Collection entries
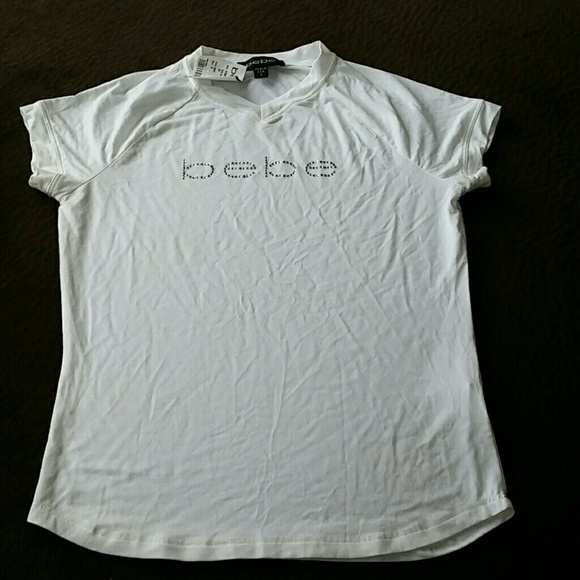 Bebe baby tee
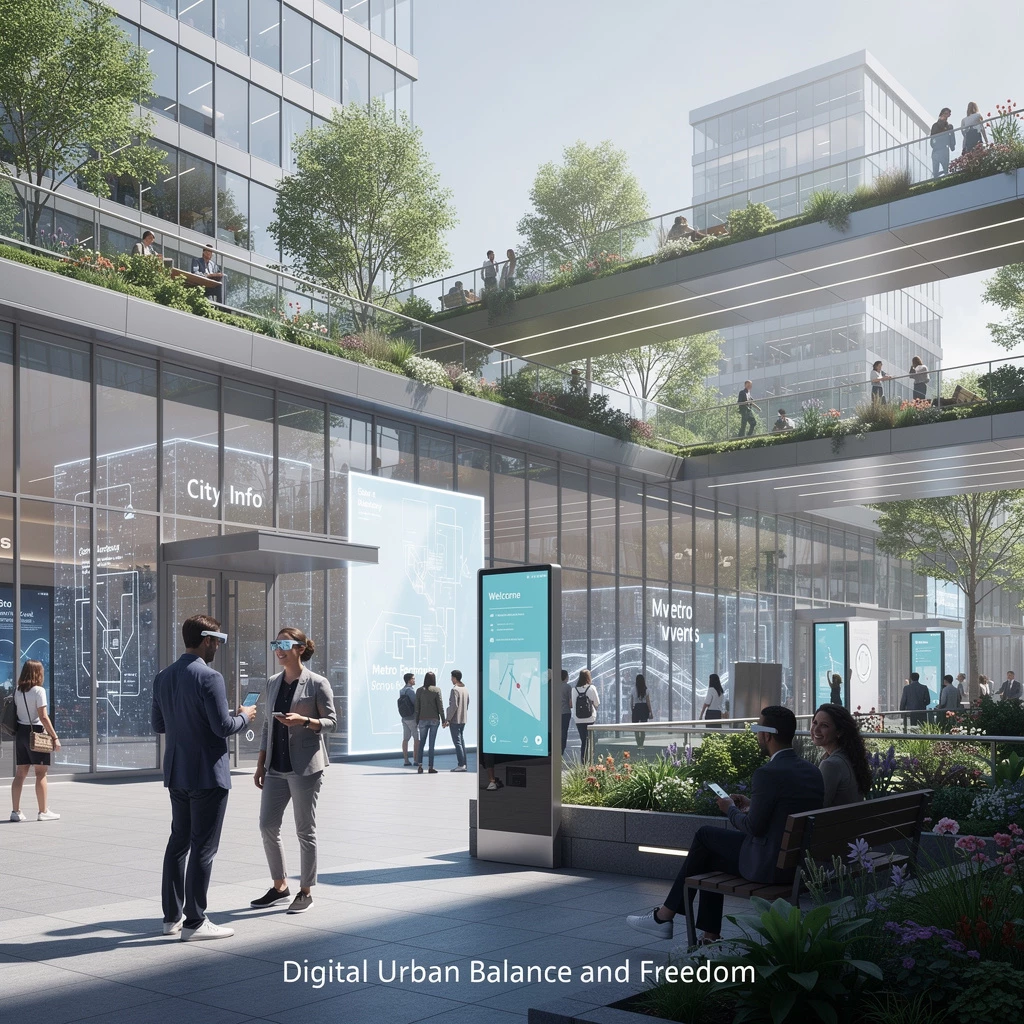 Zwischen Sicherheit und Freiheit: Das neue Lebensgefühl im Wandel der digitalen Moderne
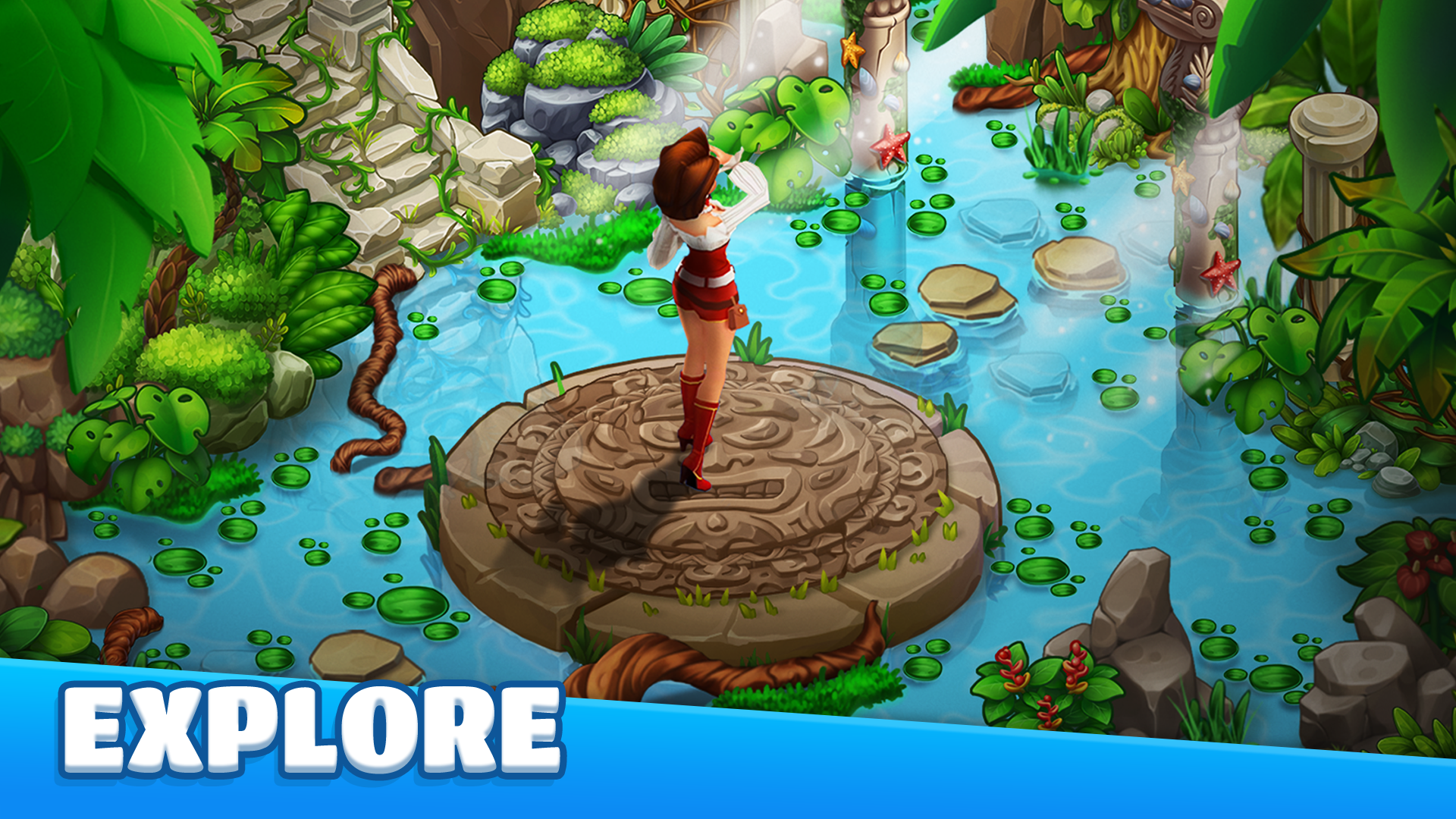 اسکرین شات 4 بازی Adventure Bay - Farm Games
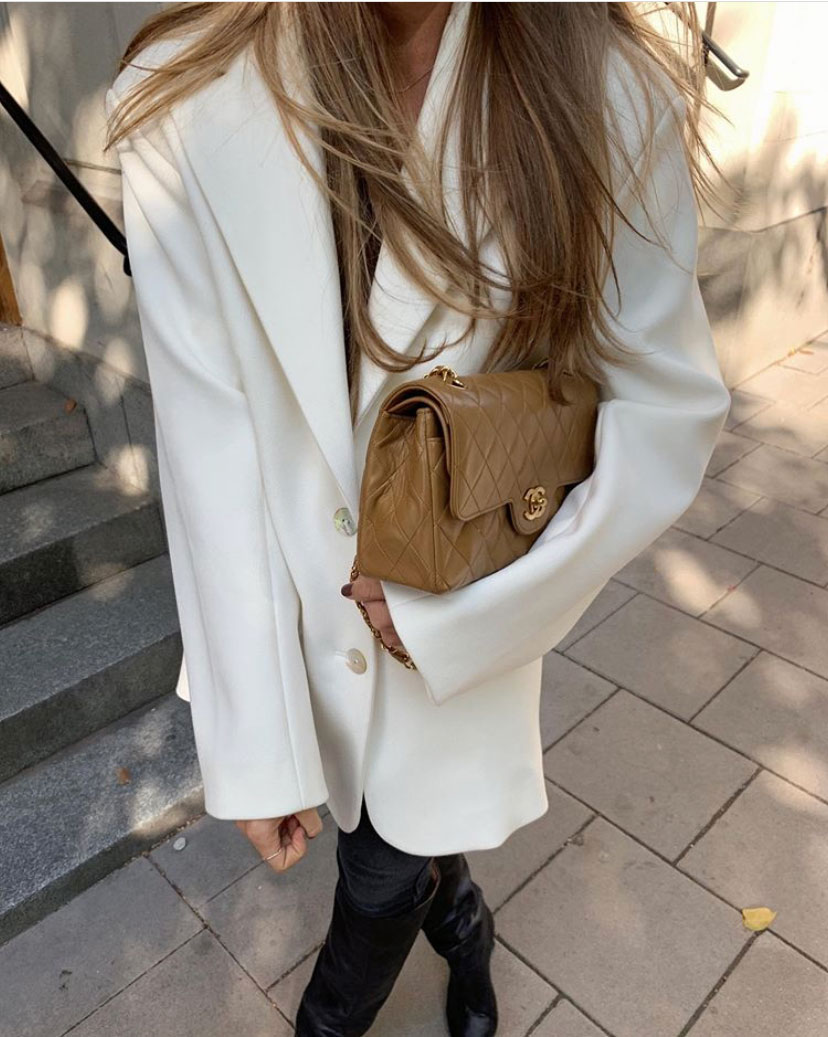From Instagram | Blogger Style Inspiration No.13: Lovisa Barkman, Stockholm, Sweden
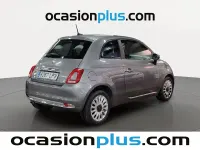 Usado Fiat 500 Dolcevita 70 CV (51 kW) 2021 Gris Utilitario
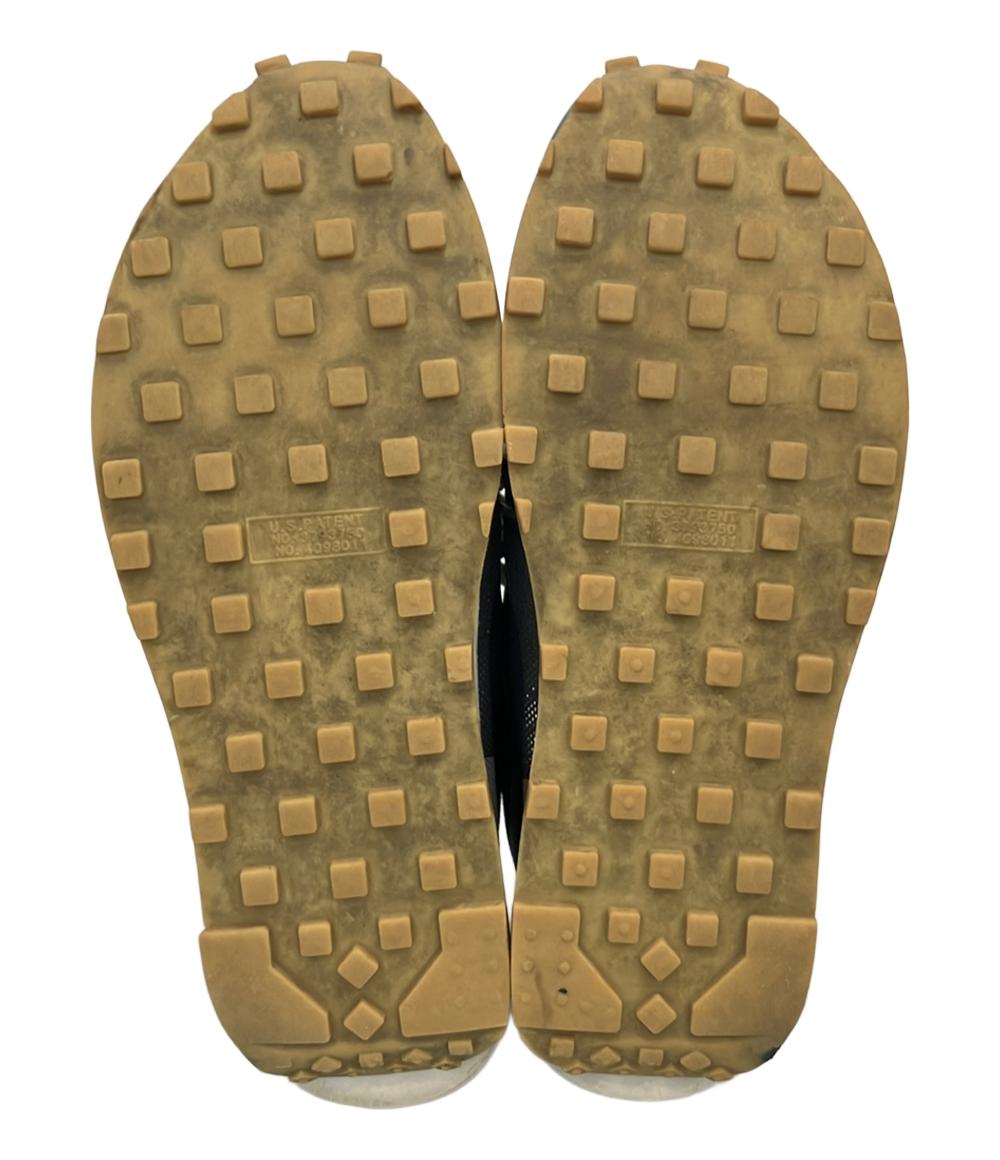 NIKE ローカットスニーカー ×CLOT × Sacai LD ワッフル DH3114-001 メンズ SIZE 27.0 (L) ナイキ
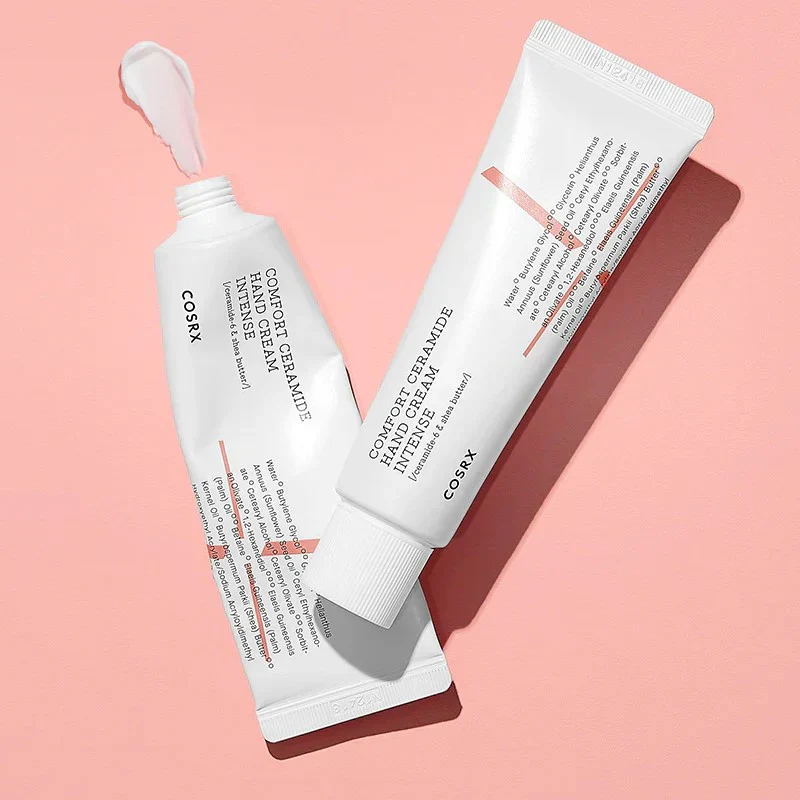 Cosrx - Balancium Comfort Ceramide Hand Cream Intense - Soothing Hand Cream - 50ml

— What needs to be done —
Since the pictures are not wanted, set down only the rest of each record, exactly as above.

— Solution to the problem —
 Bebe baby tee
 Zwischen Sicherheit und Freiheit: Das neue Lebensgefühl im Wandel der digitalen Moderne
 اسکرین شات 4 بازی Adventure Bay - Farm Games
From Instagram | Blogger Style Inspiration No.13: Lovisa Barkman, Stockholm, Sweden
 Usado Fiat 500 Dolcevita 70 CV (51 kW) 2021 Gris Utilitario
 NIKE ローカットスニーカー ×CLOT × Sacai LD ワッフル DH3114-001 メンズ SIZE 27.0 (L) ナイキ
 Cosrx - Balancium Comfort Ceramide Hand Cream Intense - Soothing Hand Cream - 50ml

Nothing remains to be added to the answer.